CQB Seminar- Maria Brbic, PhD- EPFL

Join the CQB for our seminar series, featuring our first guest speaker of the semester: Dr. Maria Brbic.

Maria Brbic (https://brbiclab.epfl.ch/) is an Assistant Professor of Computer Science and of Life Sciences at the Swiss Federal Institute of Technology, Lausanne (EPFL). She develops new machine learning methods and applies her methods to advance biology and biomedicine. Her methods have been used by global cell atlas consortia efforts aiming to create reference maps of all cell types with the potential to transform biomedicine, including the Human BioMolecular Atlas Program (HuBMAP) and Fly Cell Atlas consortium.
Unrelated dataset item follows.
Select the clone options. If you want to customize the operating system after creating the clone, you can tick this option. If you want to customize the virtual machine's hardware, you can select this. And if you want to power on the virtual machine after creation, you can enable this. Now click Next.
Prior to joining the EPFL faculty in 2022, Maria was a  postdoctoral fellow at Stanford University, Department of Computer Science, and was a member of  the Chan Zuckerberg Biohub at Stanford. Maria received her Ph.D. from University of Zagreb in 2019 while also researching at Stanford University as a Fulbright Scholar and University of Tokyo. Among other awards and recognitions, she was named a Rising Star in EECS by MIT in 2021, she received the Early Career Bioinformatics Award by SIB in 2023 and she was awarded with the SNSF Starting Grant in 2024.

Abstract:

We are witnessing an AI revolution. At the heart of this revolution are generative AI models that, powered by advanced architectures and large datasets, are transforming AI across a variety of disciplines. But how can AI facilitate and eventually enable groundbreaking discoveries in life sciences? How can it bring us closer to understanding biology – the functions of our cells, their alterations in diseases, and variations across species? In the first part of the talk, I will present AI methods that build upon protein foundation models and enable us to learn cell representations across single-cell RNA-seq datasets from different species. Next, I will demonstrate how generative AI can uncover spatial relationships between cells, enabling the reassembly of tissues from dissociated single cells. Finally, I will discuss the future of discovery in the era of generative AI and foundation models, highlighting the paradigm shift in machine learning required to revolutionize biology.